## Work request
Pictures aside, return every line below exactly as written.

## Material provided
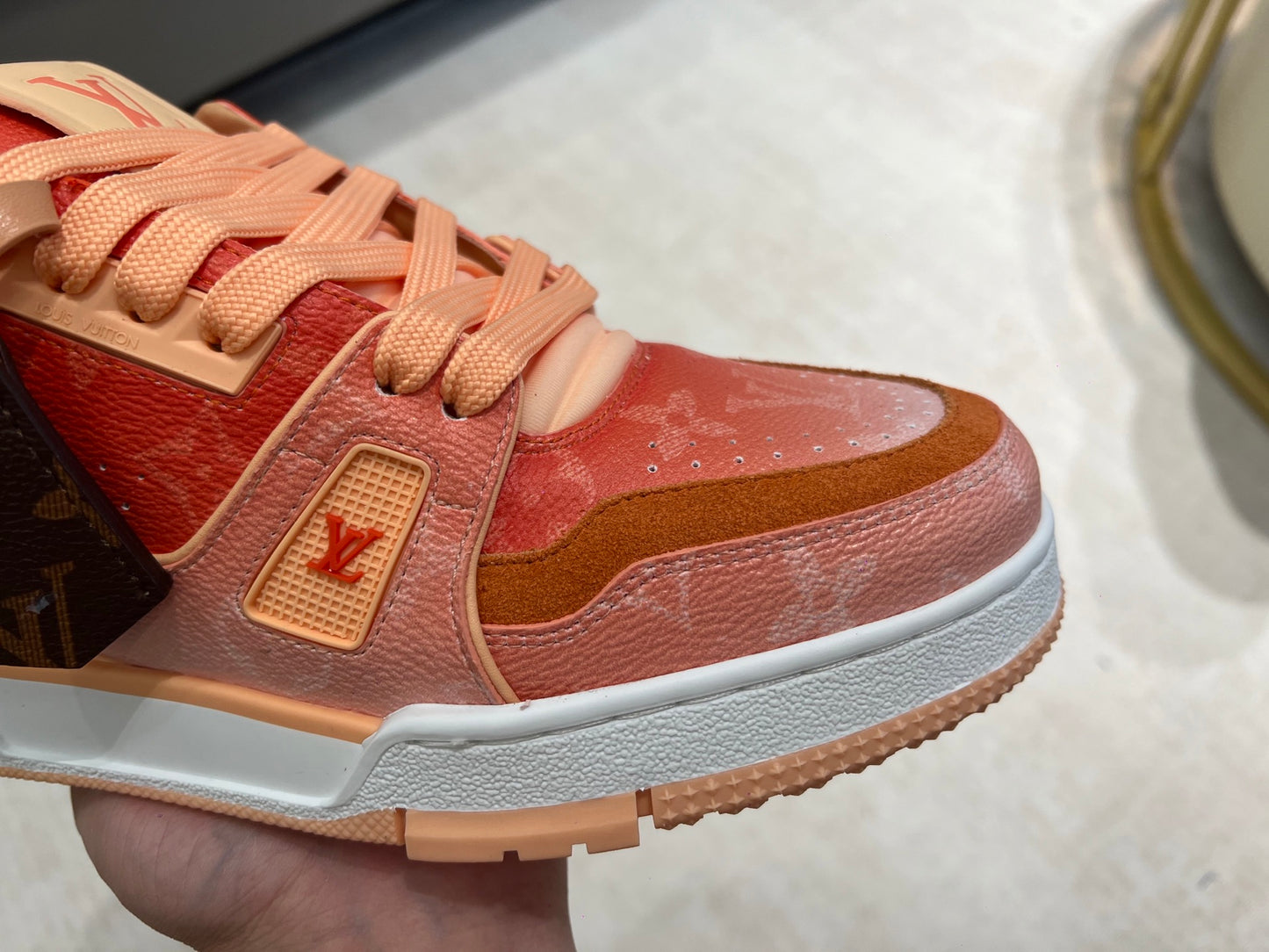 Trainer Orange
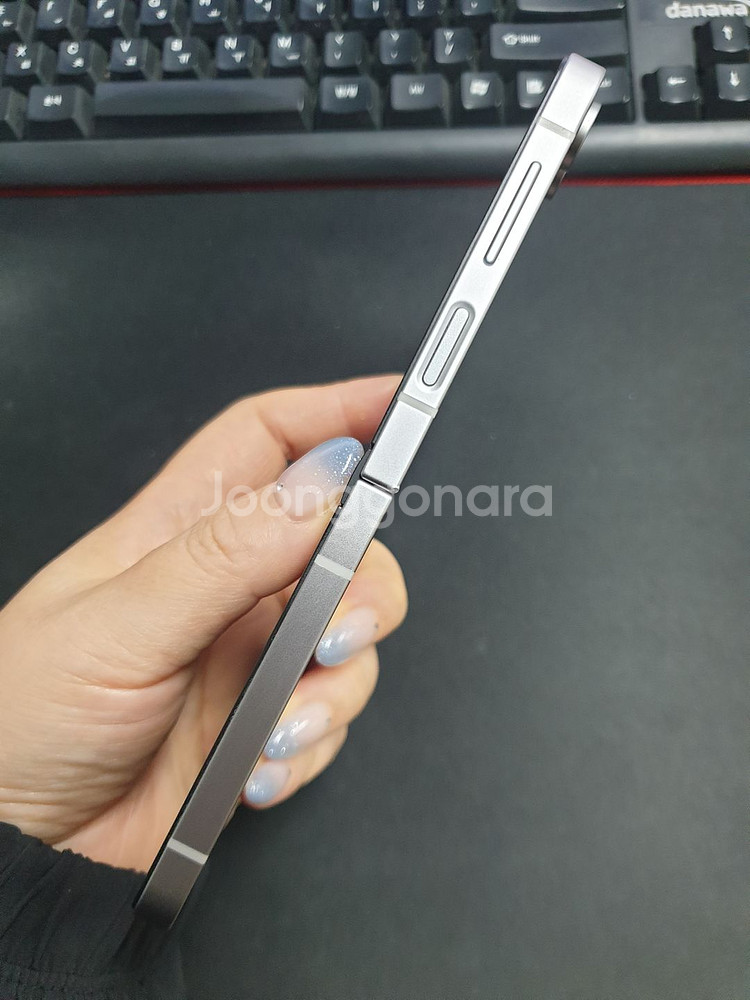 갤럭시Z플립6 549281--3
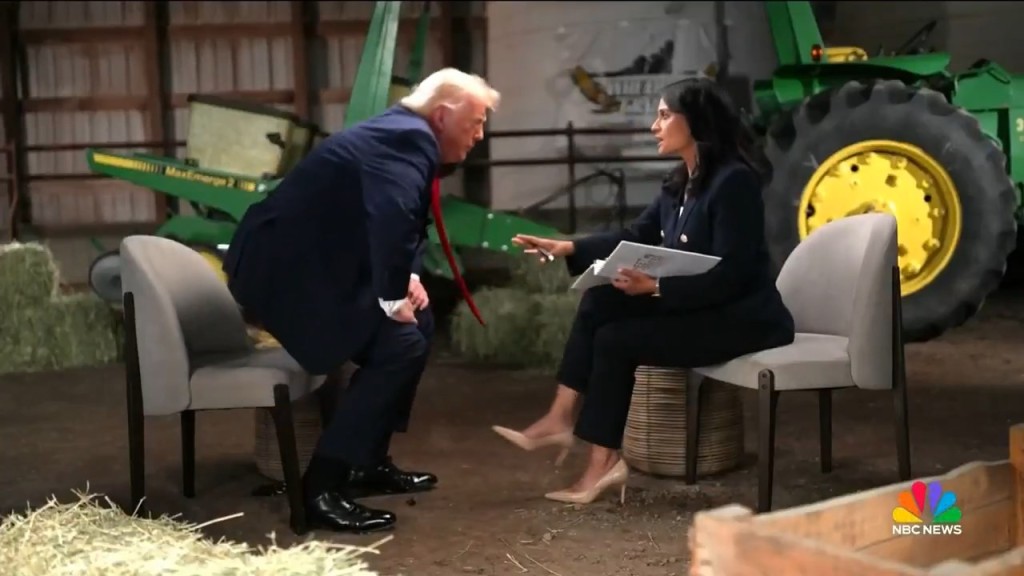 特朗普接受NBC访问时，不满主持人提问内容拆下收音咪提早离开。NBC《MEET THE PRESS》截图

## Written solution
 Trainer Orange
 갤럭시Z플립6 549281--3
 特朗普接受NBC访问时，不满主持人提问内容拆下收音咪提早离开。NBC《MEET THE PRESS》截图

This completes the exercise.